● **Extracted data**
((

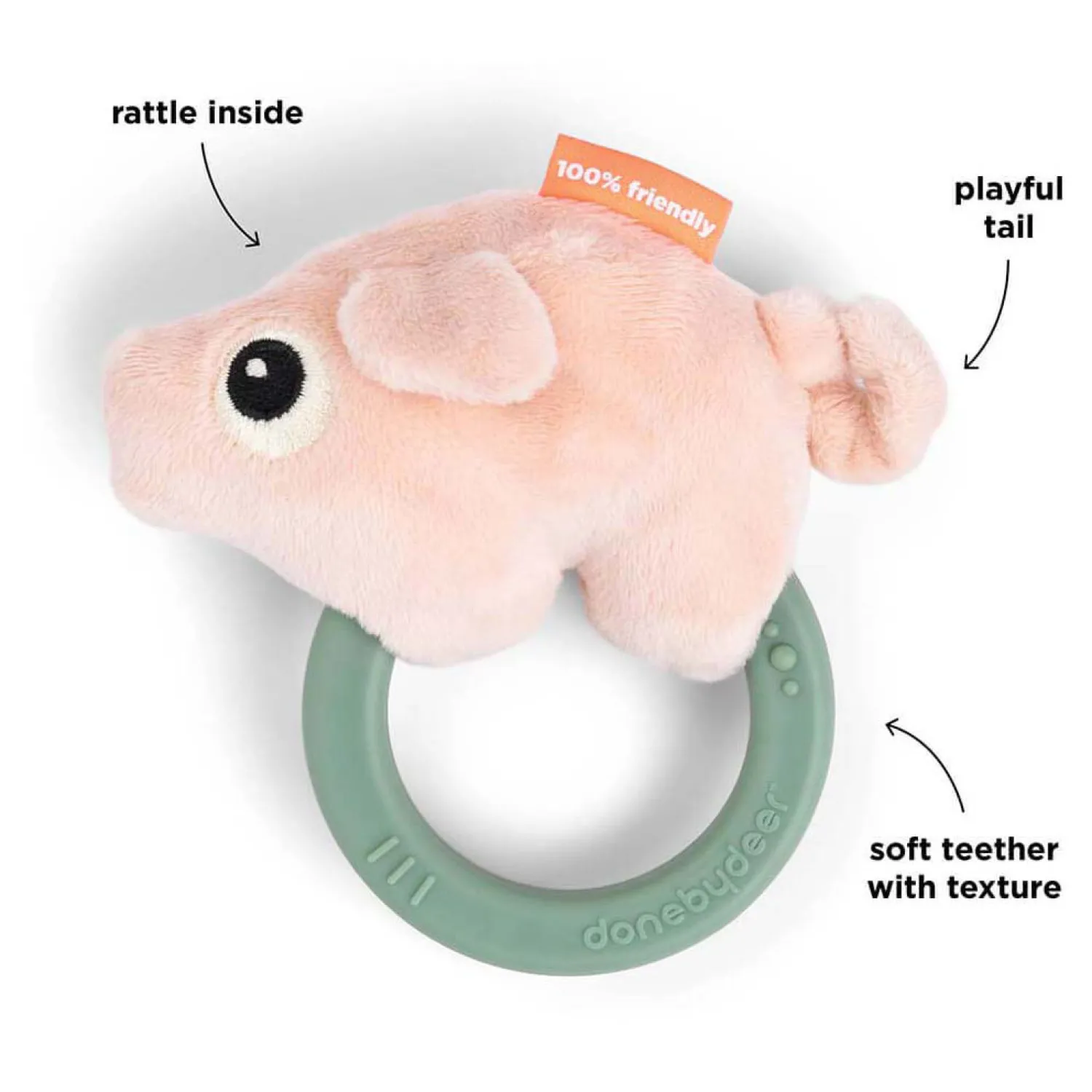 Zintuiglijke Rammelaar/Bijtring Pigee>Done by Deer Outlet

))
((

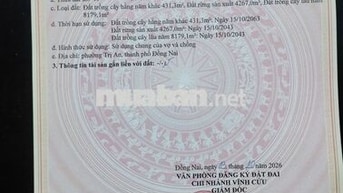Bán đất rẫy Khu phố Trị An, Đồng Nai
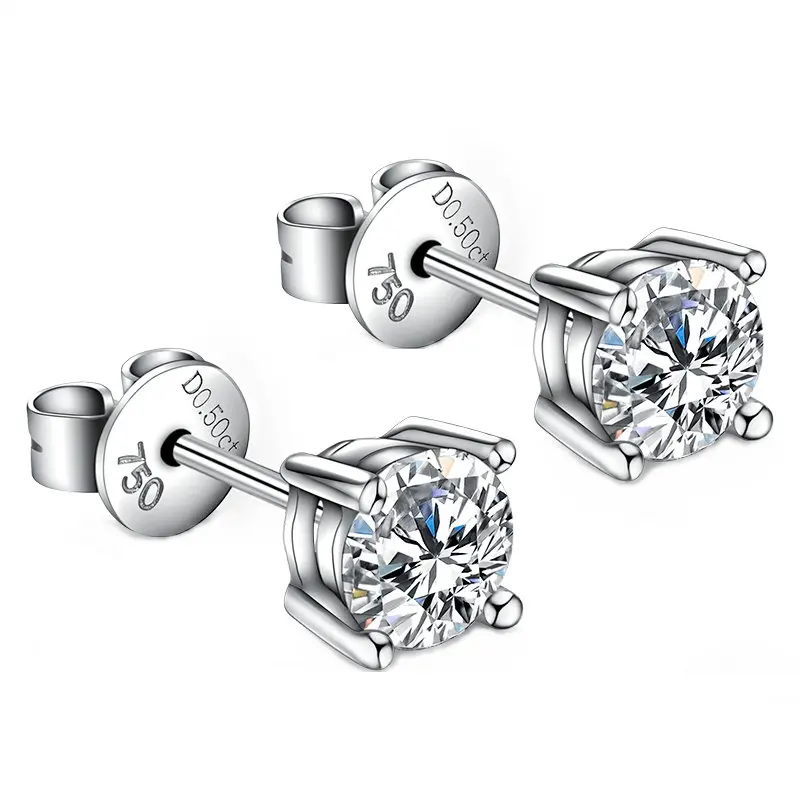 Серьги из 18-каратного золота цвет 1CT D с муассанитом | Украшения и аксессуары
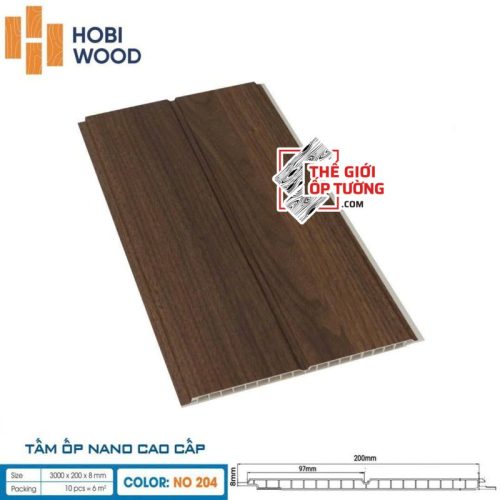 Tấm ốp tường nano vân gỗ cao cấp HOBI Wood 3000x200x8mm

))

● **Exercise details**
Output exactly, and only, the lines of the entries above from the one with "Bán đất rẫy Khu phố Trị An, Đồng Nai" up to and including the one with "Tấm ốp tường"; pictures are to be left out.

● **Output of the exercise**
Bán đất rẫy Khu phố Trị An, Đồng Nai
 Серьги из 18-каратного золота цвет 1CT D с муассанитом | Украшения и аксессуары
 Tấm ốp tường nano vân gỗ cao cấp HOBI Wood 3000x200x8mm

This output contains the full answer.